Cross-Elasticity Mode Shift, What Moves From Truck to Rail

Pull-quote: “There is no such thing as the truck-to-rail diversion rate. There are thousands of flow-level answers, and the average of them is the least useful number in the set.”
Why this matters
The question arrives in every freight plan, toll study, fuel-price scenario, and emissions strategy: if trucking costs rise, how much freight moves to rail? It is usually answered with a single diversion percentage borrowed from another study, applied uniformly across a state or a corridor. That answer is wrong in a specific way: mode shift is not a property of freight in general. It is a property of each flow, and the flows differ enormously. The analytical tool that respects this is cross-elasticity, the responsiveness of demand for one mode to a price change in another, applied at the level where the decision actually happens: commodity by commodity, corridor by corridor.

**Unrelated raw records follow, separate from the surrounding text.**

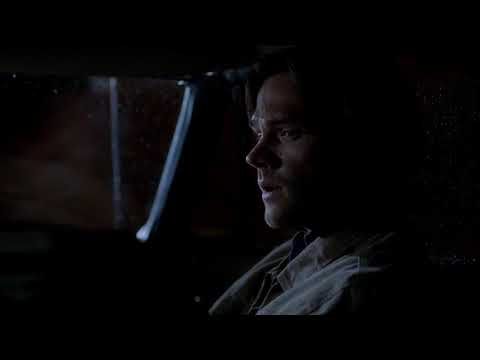 Supernatural | Sam and Dean find Cas in the the road | S8E21 | Logoless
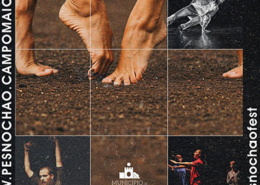 Pés no Chão - Festival Internacional de Dança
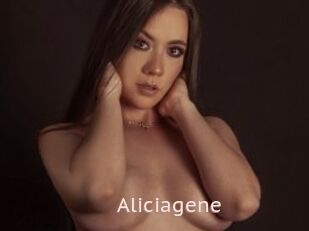 Aliciagene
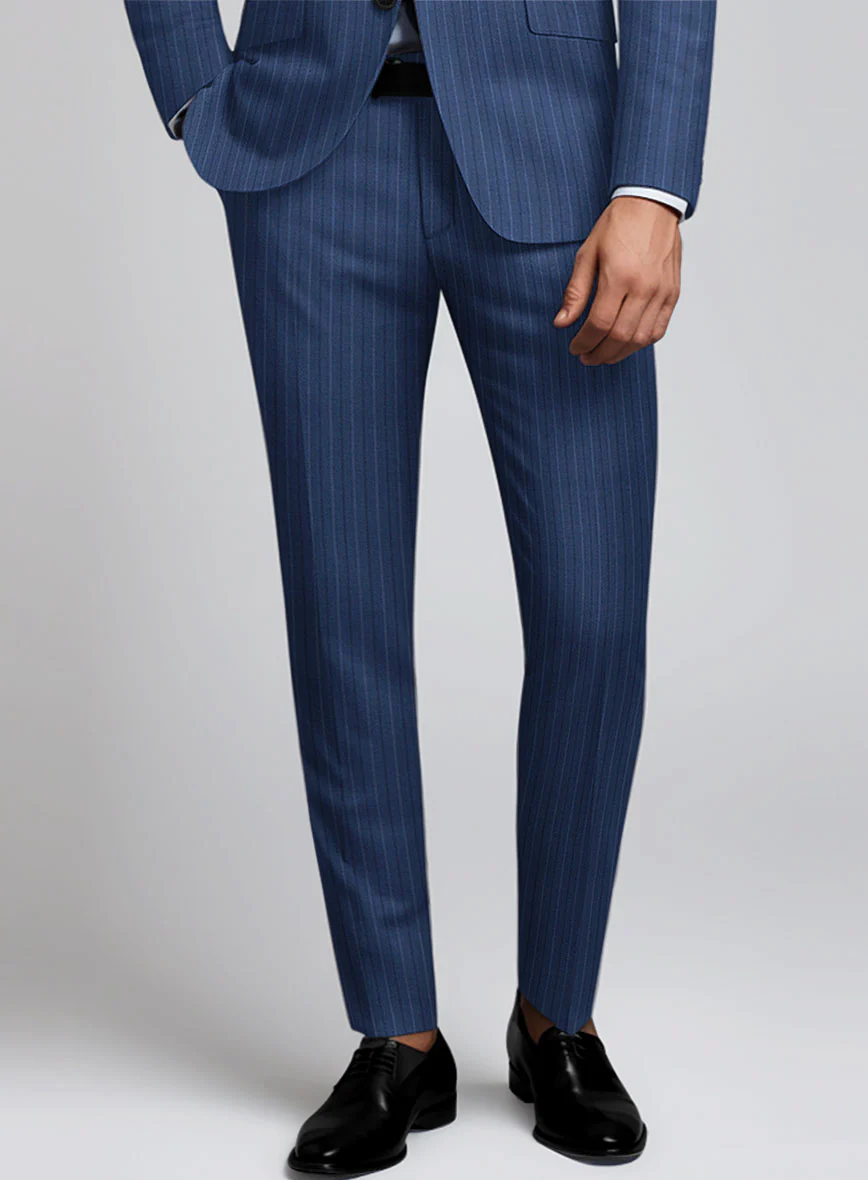 Italian Wool Agnese Pants - Image 2
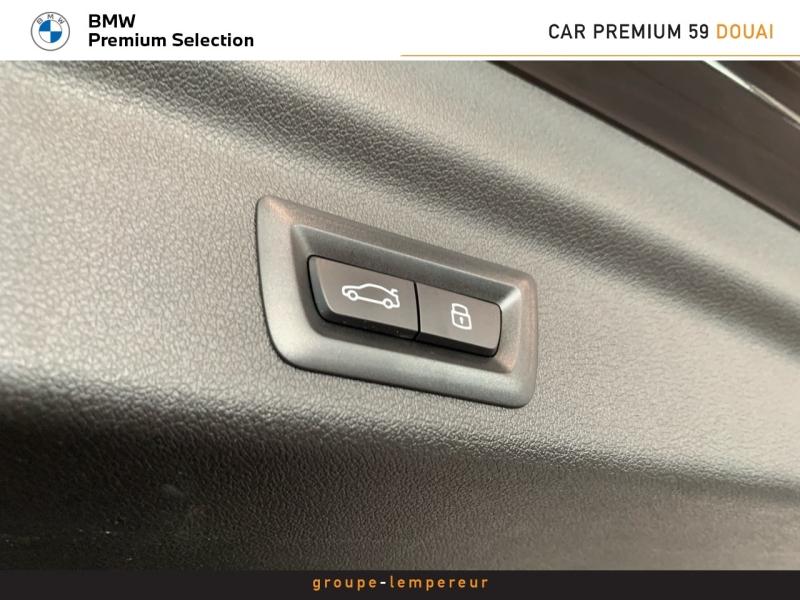 Image BMW X1 sDrive18i 136ch M Sport
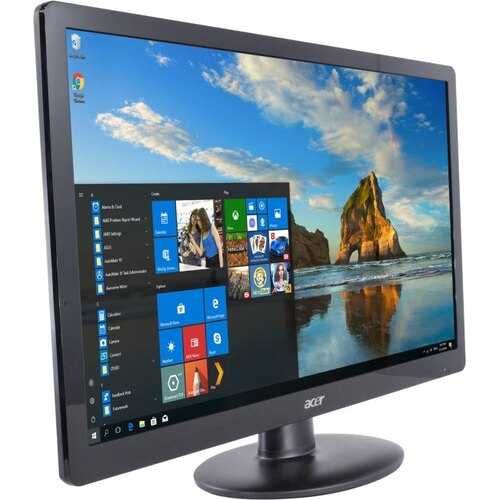 Продам LCD монитор Acer в отличном состоянии (75Гц, 1920на 1080).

Why diversion is so uneven
Three structural facts drive the unevenness. Commodity: bulk goods that tolerate transit time respond to price; time-sensitive and high-value-per-ton freight barely moves for any plausible cost change. Distance: rail’s economics improve with length of haul, so short-haul flows are largely captive to truck regardless of price. Infrastructure: a flow cannot divert to a service that does not exist, and drayage at both ends taxes short movements out of contention. A uniform diversion rate averages across all three dimensions and gets every individual corridor wrong.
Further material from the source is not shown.